Was I Right About Justice Alito Before I Was Wrong About Him?

In this post back in early September, I suggested that Justice Alito could be in play in the DC gun case (at that point just pending on cert). I said: "I put Alito in the unknown category because I suspect that his long experience as a prosecutor makes him more of a law-and-order conservative on this issue than his more ideologically conservative brethren." I now have information that leads me to think that this was naive on my part. Last night I had a conversation with a prominent conservative law professor who worked directly under Alito at the Justice Department. He thought that Justice Alito was fully on board with the individual right interpretation of the Second Amendment that conservatives tend to endorse on the basis of their reading of the original understanding.

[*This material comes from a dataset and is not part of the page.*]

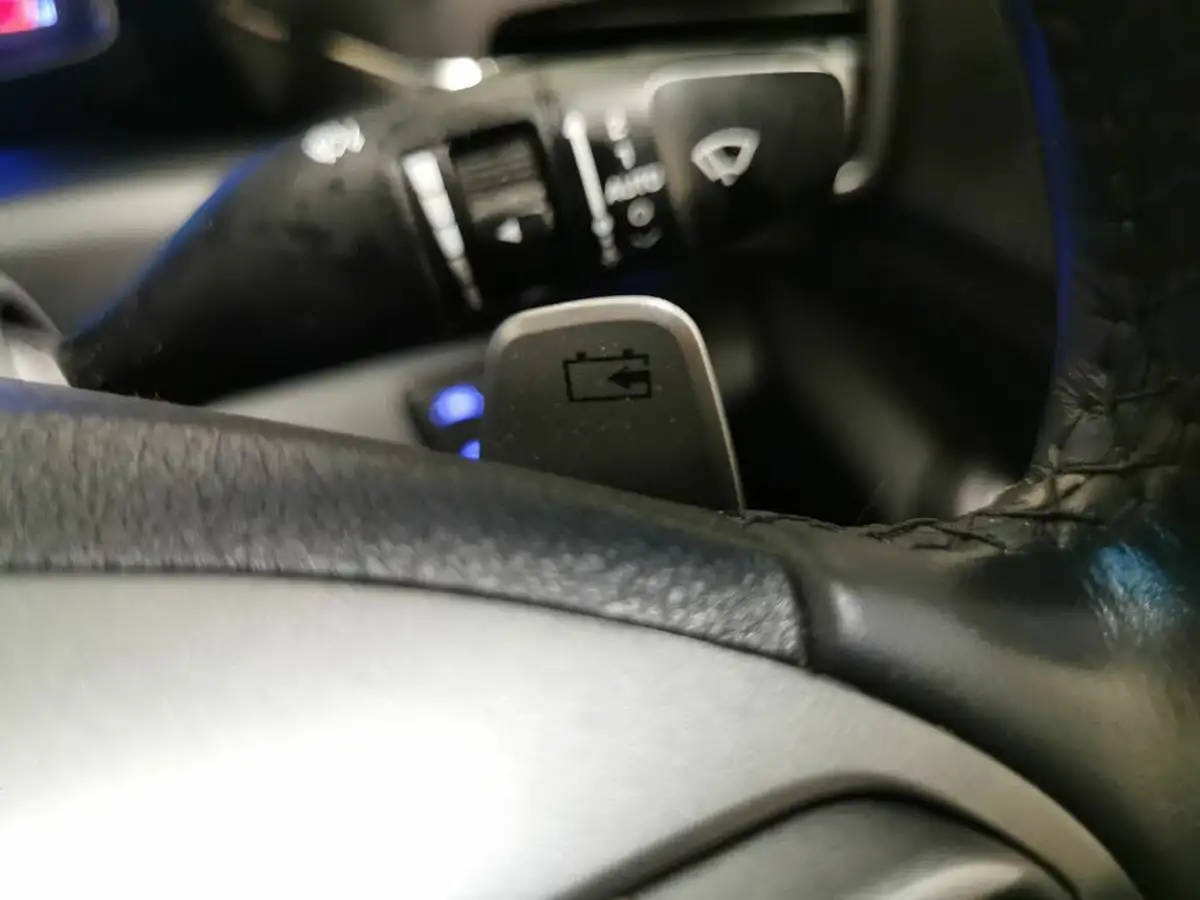2021-hyundai-ioniq-e-premium-electric-100kw-big-19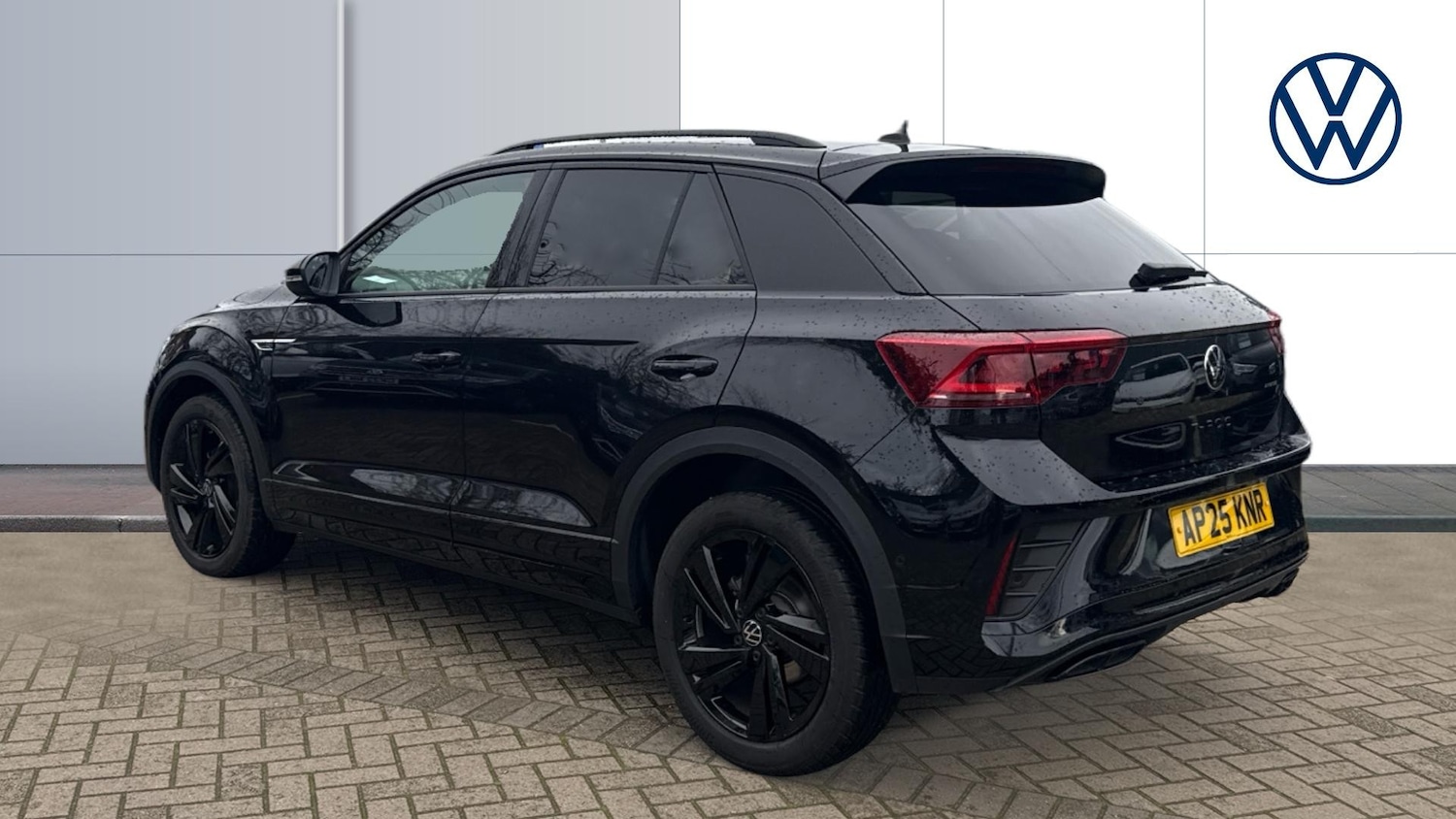 Used Volkswagen T-Roc 2025 for sale - 76968701: Photo 3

If said law professor is right, then I was wrong about Justice Alito. But before I was wrong about him I was right about him, when earlier I wrote (in the Harvard Law & Policy Review, available here) that as a former high-ranking lawyer in a Republican Justice Department, Alito's views would have been well-known to the judge pickers working for the current President, and therefore that he would have been pre-screened for his ideological purity. If borne out by Justice Alito's vote in the DC gun case, my conversation with my conservative law professor friend will thus doubly confirm the claim of my earlier analysis: 1) It will show that in-the-loop conservatives know one another's views on ideological issues; and 2) It will show that Alito is, as predicted by the model my article develops, a staunch conservative.

You see, the good thing about making a lot of predictions---especially mutually contradictory ones about the same binary events---is that you're guaranteed that some of them will prove to be right!